まず、「集中力」とは何者なのかを解説していきます。

集中力の源は「ウィルパワー」

「ウィルパワー」とは意志力のことで、注意や感情、意欲をコントロールする能力と言われています。

その「ウィルパワー」を増やす or 節約することで、集中力を保つことができるのです。

ウィルパワーを増やす

ウィルパワーを増やす、つまり鍛えるには、無意識の行動に「はっ」と気づき、改めるという行動をくり返すことだと言われています。

たとえば、パソコン作業をしている時に姿勢が悪くなっていることに気付き、姿勢を正すという行動が当てはまります。

その積み重ねで、ウィルパワーが鍛えられていくのです。

ウィルパワーを節約する

ウィルパワーを節約するには、意思決定の回数を減らすのが効果的です。

なぜならウィルパワーが消費されるのは、何かをやろうとしている時や我慢している時、望んでいる時だからです。

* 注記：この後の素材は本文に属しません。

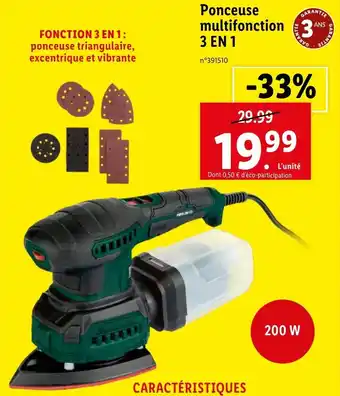 Lidl Ponceuse multifonction 3 3 EN 1 offre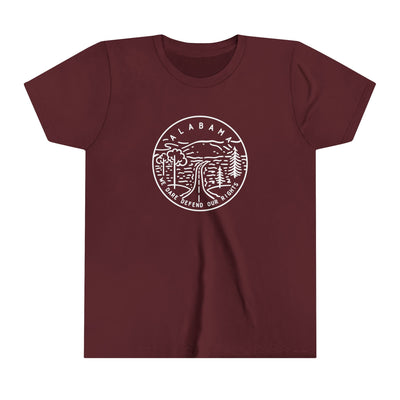 Alabama State Motto Kids T-Shirt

なので、決断をすぐに下すか、即決できる仕組み作りが大切になってきます。

たとえば、スティーブ・ジョブズは公の場に出る時、いつも同じ服を着ていたことは有名ですよね。

毎日の洋服を決めるという些細な作業にも、ウィルパワーを使ってしまうのです。

ですので、スティーブ・ジョブズのように些細なことを決める回数を減らし、ウィルパワーを節約しましょう。

集中力は長時間続かない

もともと、人間の脳は集中を持続させないようにできているそうです。

ですので、集中力がずっと続いているように見える人ほど、上手く休憩を挟み、短時間の集中状態をくり返しているのだとか。

そこで効果的なのが、「ポモドーロ・テクニック」です。

詳しくは後述しますが、あらかじめ時間を短く区切り、仕事や勉強を打ち切ってしまう方法です。

仕事などの締め切り間際になってすごい集中力を発揮したというのは、誰しも経験したことがあると思います。

これは「締め切り効果」といって、集中力は制限のある状態の方が高まるのです。

それを上手く活用して、集中力をコントロールしましょう。

集中力を生み出す方法

次に、集中力を生み出すための具体的な方法を見ていきましょう。

自分を操る超集中力」では7つ紹介されていましたが、その中でも私が重要だと思ったことを3つ解説します。

  • 場所
  • 運動
  • 瞑想

それぞれ見ていきましょう。

場所

集中力を生み出すため場所を作るには、注意をそらすものを断捨離することが重要です。

机の上にスマホをはじめ、注意がそれてしまうものを置かないようにするのです。

自分は集中しているつもりでりでも、視界にスマホが入っているとそちらに気が取られてしまうそうです。

ふと集中力が切れた時に、スマホを手に取って無意識にSNSを開いていた、という経験をしたことがある方もいるのではないでしょうか。

ちなみに、何かをインプットする作業には静かな場所の方が適しているそうです。

特に内向的な人は、ノイズの影響を受けやすいそう。

私は内向的で、集中している時に周りの会話や生活音だけでも気になってしまうので、よくわかります。

そのような方は、ノイズキャンセリングのイヤホンを使い、音をシャットアウトしましょう。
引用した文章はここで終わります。